The spokesperson added, however, that “most Syrians in the diaspora have been dreaming of going back to their country” and whether or not to return should be the decision of each family and individual.

UK Foreign Secretary David Lammy said a lot depends on what happens next in the country and a return of people to Syria could also “quickly become a flow back out and potentially increase the numbers using dangerous illegal migration routes to continental Europe and the United Kingdom”.

“At this time of turbulence and change, countries should avoid plunging Syrian refugees and people seeking asylum into situations of further uncertainty and precarity,” Eve Geddie, Europe director at Amnesty International, told Al Jazeera.

“In line with international law and standards on refugee protection, asylum claims must be processed promptly and effectively,” she said. “European countries must also continue to consider the individual circumstances of each asylum seeker on a case-by-case basis. They must immediately reverse decisions to suspend Syrians’ asylum applications and reject calls to return Syrians or restrict family reunification.”
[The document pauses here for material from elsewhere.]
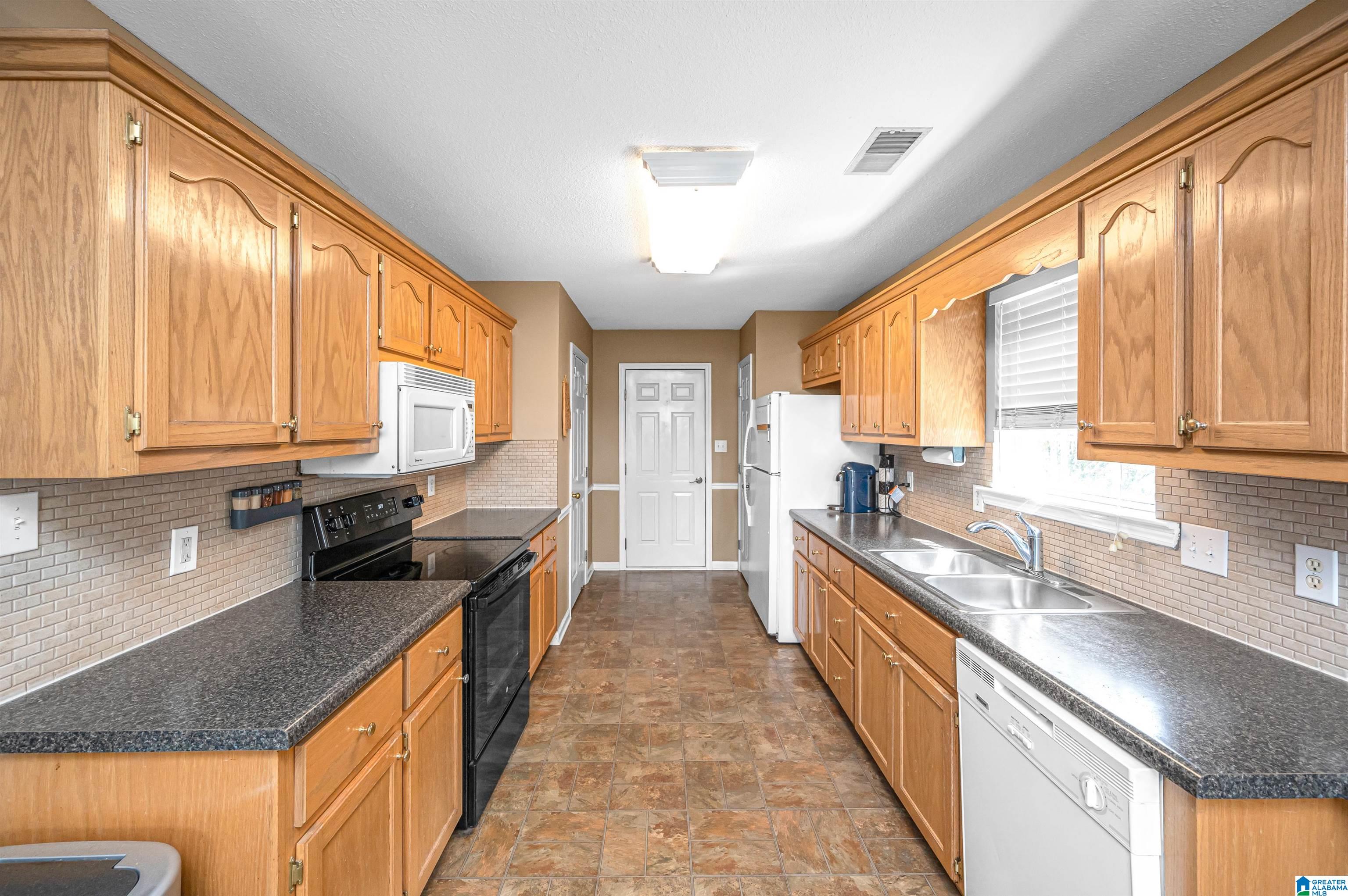 8030 Rockhampton Circle Helena, AL 35080 - Photo 13 of 37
What do Syrian refugees think Europe should be doing now?

Ahmad Helmi, who hails from Damascus and currently resides in the Netherlands, told Al Jazeera that he was disappointed by some EU countries’ decision to suspend asylum claims.

“Their first reaction should have been, ‘How can we support a democratic transition in Syria and establish peace in the country?’ rather than announce stopping asylum claims,” said Helmi, who has been granted asylum in the Netherlands.

Helmi became one of the many victims of “enforced disappearance” in Syria and now runs Ta’afi, an initiative to support and protect victims of enforced disappearance in Syria.

“It has some hypocrisy in it, you know, because Europe and the entire West have for the past few decades been lecturing the rest of the world about democracy, prosperity and the rule of law,” he said. “And now when we brought down a regime in our country. We had several supporters and several partners from around the world, of course. Europe only thinks about stopping migration and asylum instead of seeking democracy.”

“I want the international community to currently focus on having contingencies to support Syria based on an actual and meaningful transitional justice process,” Helmi said. “Without a transitional justice process, peace will not be sustainable.”